CLI operations seem to take a while:

$ time pulp -v task list --state running
tasks_list : get https://pulp.<domain>/pulp/api/v3/tasks/?state=running&offset=0&limit=25
Response: 200
[]

real	0m16.427s
user	0m0.258s
sys	0m0.032s

Potentially (?) the issue in Docker push to Pulp registry gives 429 pulp_container#1716.

The Pulp pods use a NFS-based storageClass but we have pretty much ruled out NFS congestion/slowness as a cause. We have 10 API pods, 5 content pods, and 10 worker pods (most of which are always idle), which seems like it should be enough to handle our use case, and none of them seem to be consuming unusual CPU/memory. We've identified some potential performance tuning that could be done on the DB but we're not seeing deadlocks or similar indications of congestion so I'm not confident that will necessarily solve things. I guess we're just wondering if there's some undocumented tuning/configuration that you could point us to.

To Reproduce
Steps to reproduce the behavior:
It's unclear... it seems like, as our Pulp instance gets larger, it just slows down.

Expected behavior
Pulp should remain performant as we scale the infrastructure to support our use case.

Additional context
N/A

The text was updated successfully, but these errors were encountered:

grzleadams · 2024-07-25T13:08:45Z

Is it expected the workers would not show online status if they're not processing a job? The API and Content apps seem to return the correct number of processes available, but not all 10 workers show online (although their pods are healthy and there's nothing to indicate an issue in logs).

$ pulp status | jq -s '.[] | .online_content_apps | length'
10
$ pulp status | jq -s '.[] | .online_api_apps | length'
20
$ pulp status | jq -s '.[] | .online_workers | length'
2

grzleadams · 2024-07-25T22:39:54Z

For the workers going offline, I did see this in the API pod startup:

pulp [None]: pulpcore.app.entrypoint:WARNING: API_APP_TTL (120) is smaller than double the gunicorn timeout (900.0). You may experience workers wrongly reporting as missing
2024-07-25T22:25:15.016075012Z pulp [None]: pulpcore.app.entrypoint:WARNING: API_APP_TTL (120) is smaller than double the gunicorn timeout (900.0). You may experience workers wrongly reporting as missing

I mentioned this previously (pulp/pulp_container#1592) but it appears that this value is hard-coded. Is the only way to override it to overwrite settings.py as a volumeMount?

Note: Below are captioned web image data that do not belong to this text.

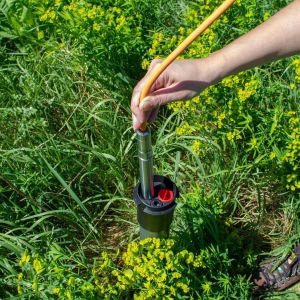 Dataloggera Tubo Aperto Levelvent Solinst, compensazione barometrica automatica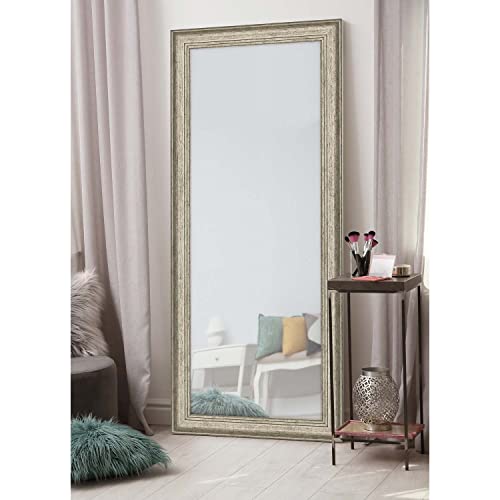 Hitchcock Butterfield 38.75" X 38.75" Square Bolshoi Distressed Traditional Vintage Gold Bathroom Mirror, Vanity Mirror, Wall Mirror, Accent Mirror, Decorative Mirror #TOP15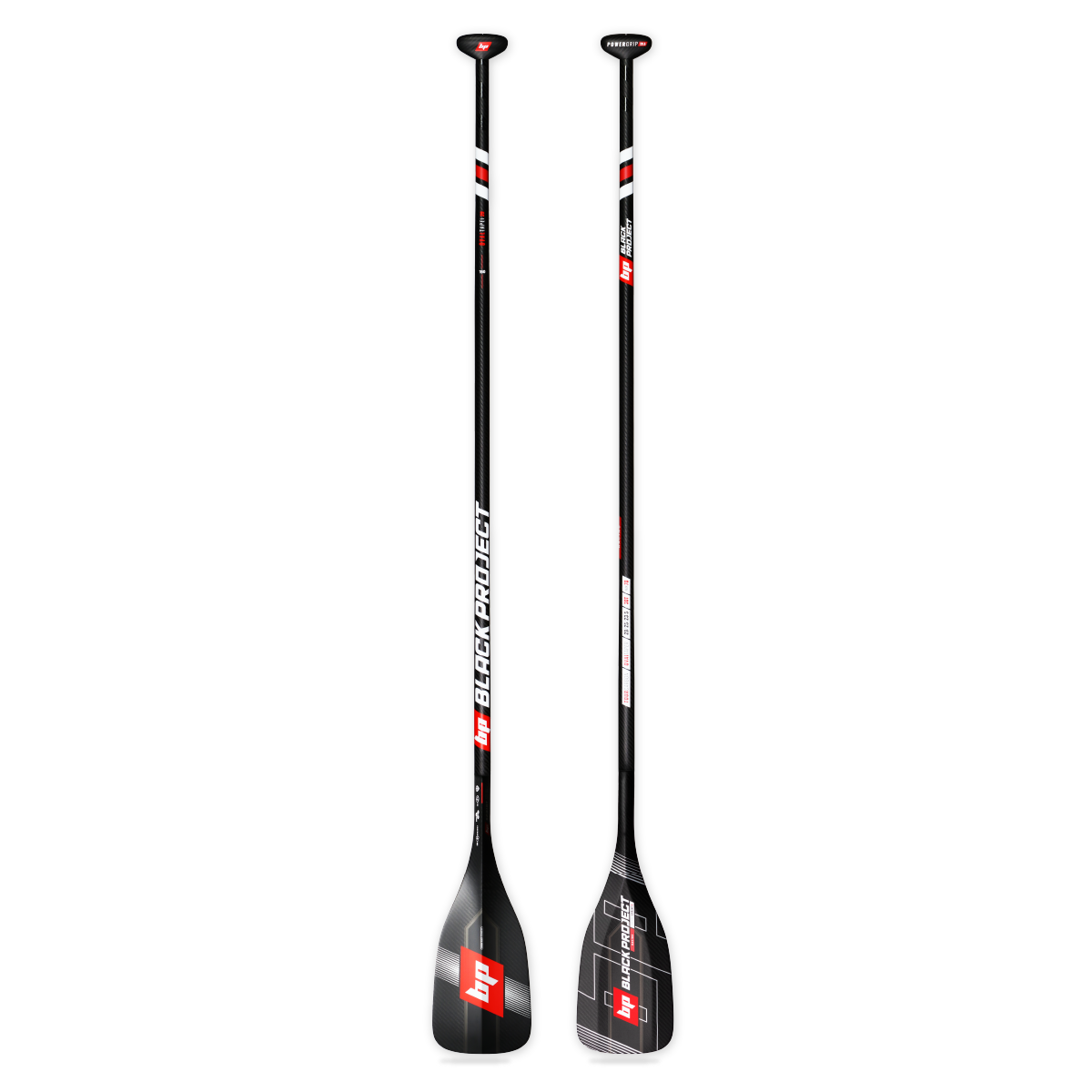 Black Project Hydro Sprint-X SUP Paddle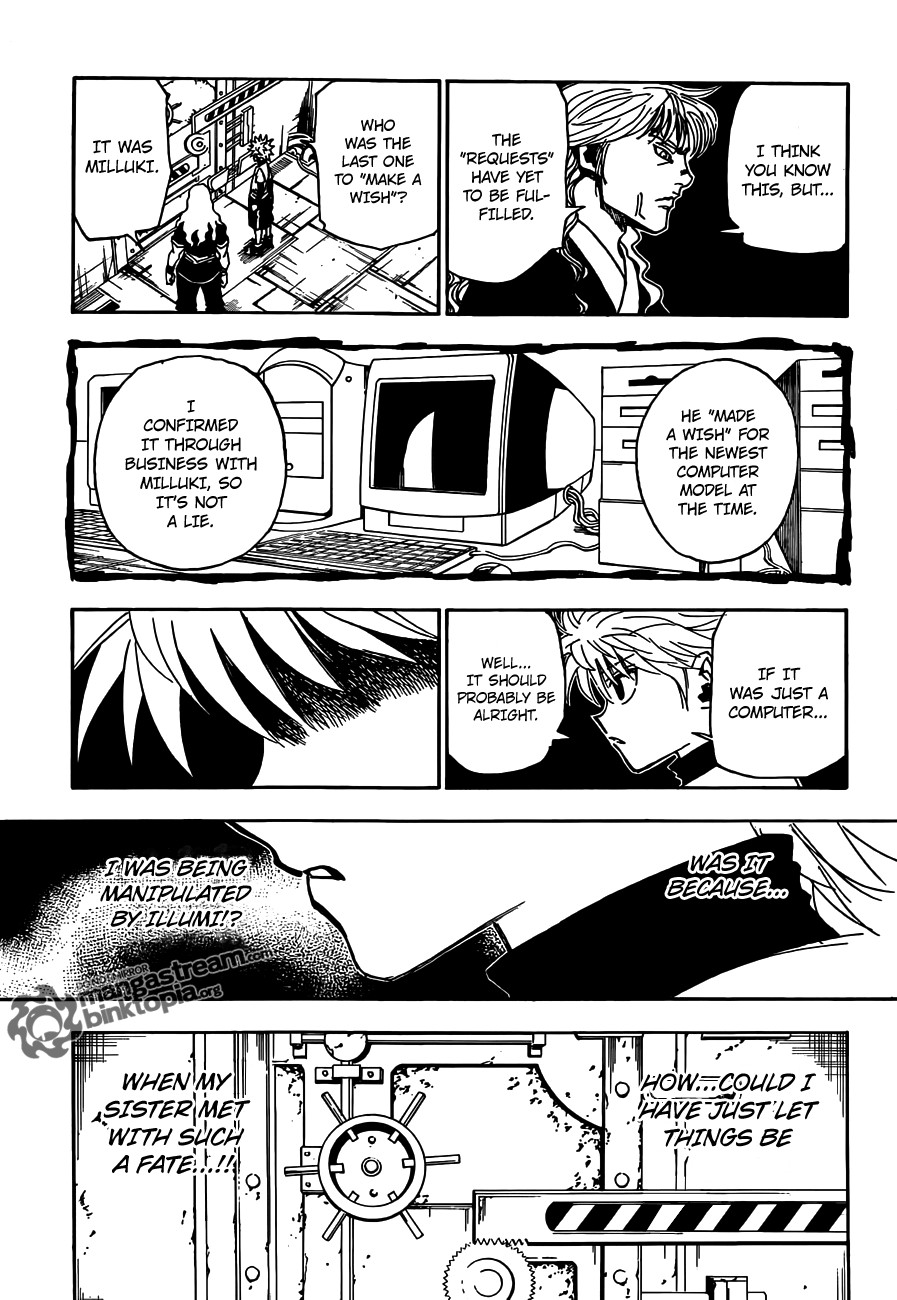 Hunter x Hunter Chapter 322 - Page 3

grzleadams · 2024-07-25T23:00:31Z

I saw that at one point one of the failing pods (I think it was the API but I'm not sure, it could've been a worker) had a message from PostgreSQL complaining about "too many clients already". I backed down our number of API pods to 5 but increased the number of gunicorn_workers to 4 to compensate, and reduced our number of worker pods from 10 to 5 (and, interestingly, all 5 show online now).

It seems like things are running a little more smoothly but I'll keep an eye on it tomorrow during business hours. Gunicorn docs make a specific mention of too many workers thrashing your system, which makes sense...

dkliban · 2024-07-30T15:44:39Z

@grzleadams It seems to me that you are being constrained by the resources available to the database. Is the database being managed by the operator also? What resource constraints does your database have?

grzleadams · 2024-07-31T15:28:26Z

We are managing the PostgreSQL DB with the operator but didn't make any changes to the configuration (i.e., we use the defaults). There are no CPU/memory limits associated with the DB. I've thought about making changes to max_connections, work_mem, etc., but I haven't actually seen any evidence on the DB of congestion.

grzleadams · 2024-08-06T15:02:48Z

@dkliban How can I modify the PostgreSQL configuration (i.e., max_connections) via the Operator?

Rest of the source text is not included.